Without a doubt, the person who takes up the most time on TNA Impact is Hulk Hogan.
This is a huge problem.
Hogan may be the biggest name in the history of the business, but his wrestling days are well over. Yes, he may have one or two matches left in the tank, but it's not worth the time devoted to him.
He opens Impact, he closes Impact, he gets involved in nearly every storyline. There's no satisfactory payoff, and there never will be because Hogan can't fight the people he's feuding with.
Sure, Hogan and Bischoff don't actually sit down and write Impact, but they sure have the power to veto anything that airs.
It's hard to know where to begin to critique the current booking, but let's try anyway. Here's what we have:
- Emo babyfaces like James Storm and A.J. Styles that are hard to root for.
- Crimson making his return after a year away and jobbing in two minutes to Joseph Park in his return. Then he was released.

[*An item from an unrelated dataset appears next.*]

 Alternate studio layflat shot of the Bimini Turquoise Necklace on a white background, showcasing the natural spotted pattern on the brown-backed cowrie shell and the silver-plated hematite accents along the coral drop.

- Abyss finally returned... and then disappeared again.
- Suicide becomes Manic, everyone knows who he is, and he decides to keep the outfit anyway.
- A heel No. 1 contender for the Knockouts Title who is set to face a fellow heel.

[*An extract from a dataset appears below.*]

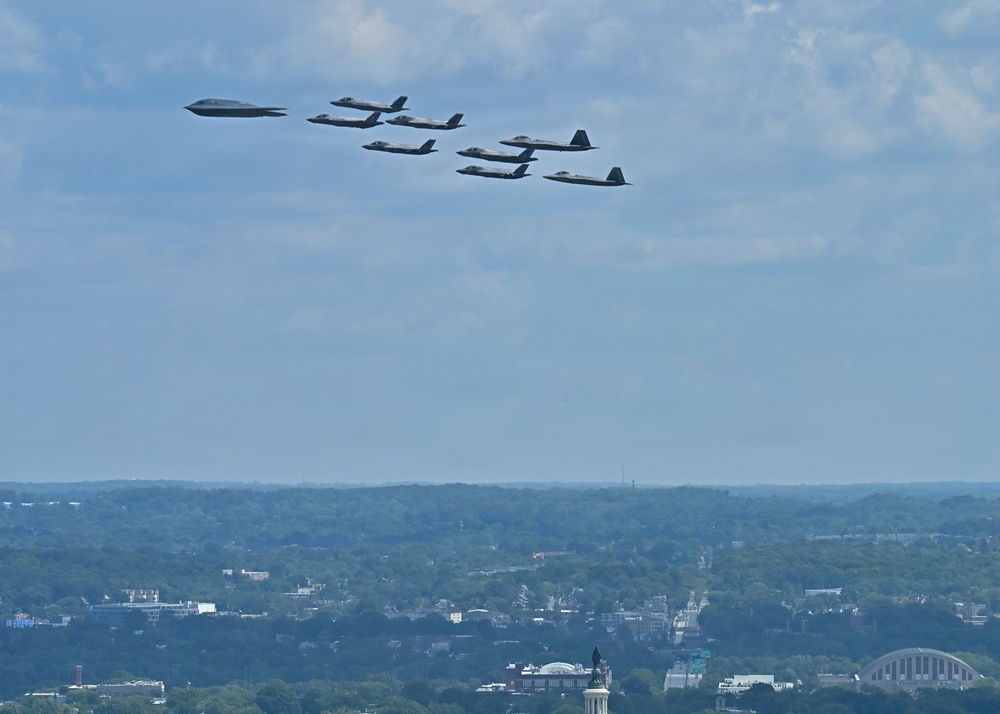 A formation of military aircraft flies over an urban landscape, likely Washington D.C., identifiable by visible monuments and architecture below. The formation appears to consist of a B-2 Spirit stealth bomber leading a group of F-35 and/or F-22 stealth fighter jets in a ceremonial flyover. The scene suggests a military parade or national celebration event.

- The Hogan/Matt Morgan feud that went absolutely nowhere.
- D.O.C. and Knux doing absolutely nothing in Aces and 8's.
- Samoa Joe's inclusion in the Main Event Mafia had no mention by Sting that he was a former member.
Speaking of the Mafia, apparently we're supposed to forget that Sting was kicked out of the original heel group. Now they're a group of babyfaces and he's the leader. That's some quality writing!
To top if all off, Brooke Hogan was inexplicably named the head of the Knockouts division. You have to wonder if the company exists solely to star the Hogan family.
When you used to compare TNA to the WWE, there were basically three things that the TNA faithful could boast about: he tag-team division, he Knockouts division and longer, more athletic matches.
No longer can those be bragging points. It's hard to distinguish what separates TNA from a minor league WWE.
Heck, even the six-sided ring is gone!
Long gone are the days of exciting teams like Beer Money, Triple X, L.A.X. and Christopher Daniels and A.J. Styles. Now, there's hardly any division to speak of.
The Knockouts Division is easily better than WWE's Divas division, but they're still a far cry from when Dutch Mantell was booking it.
The company used to take great pride in the X-Division, but it's hardly a focus anymore. Homegrown talent like A.J. Styles and Samoa Joe were stars in the division and were elevated to World Heavyweight Champions. That was a long time ago.
Perhaps most damaging, half of the roster in TNA is WWE and WCW castoffs.
If you watch Impact, Bully Ray, Chavo Guerrero, D.O.C., Devon, Jeff Hardy, Kurt Angle, Mr. Anderson, Knux, D'Lo Brown, Taz, Mike Tenay, Sting, Gail Kim, Mickie James, Tara, Miss Tessmacher, Taryn Terrell and Hulk Hogan all came from WWE or WCW.
The company also used to hype their in-ring product as superior to WWE. For awhile that may have been true, but right now that's heavily debatable. With Raw being three hours, we're seeing some long, very good matches every week.
Meanwhile, TNA often has matches under five minutes, even if they are Bound for Glory series contests. That's just not enough time to build something exciting.
TNA desperately needs to build an identity and relying on recognizable talent from another company won't help create it.
In the end, Bischoff and Hogan probably aren't bad people. They're probably not trying to bring TNA under. They probably even think their ideas are good.
But they're not.
The two are doing a lot of damage to a company that has hundreds of employees. A lot of people depend on TNA to stay in business for their livelihood.
But the current creative regime just can't cut it. Hogan and Bischoff have had over three years to get the job done. There's no other way around it: they have been an absolute, unmitigated failure. They're out of excuses and it's time for them to go.
If Dixie Carter doesn't put someone else in creative control, we could soon have a WCW-like situation on our hands.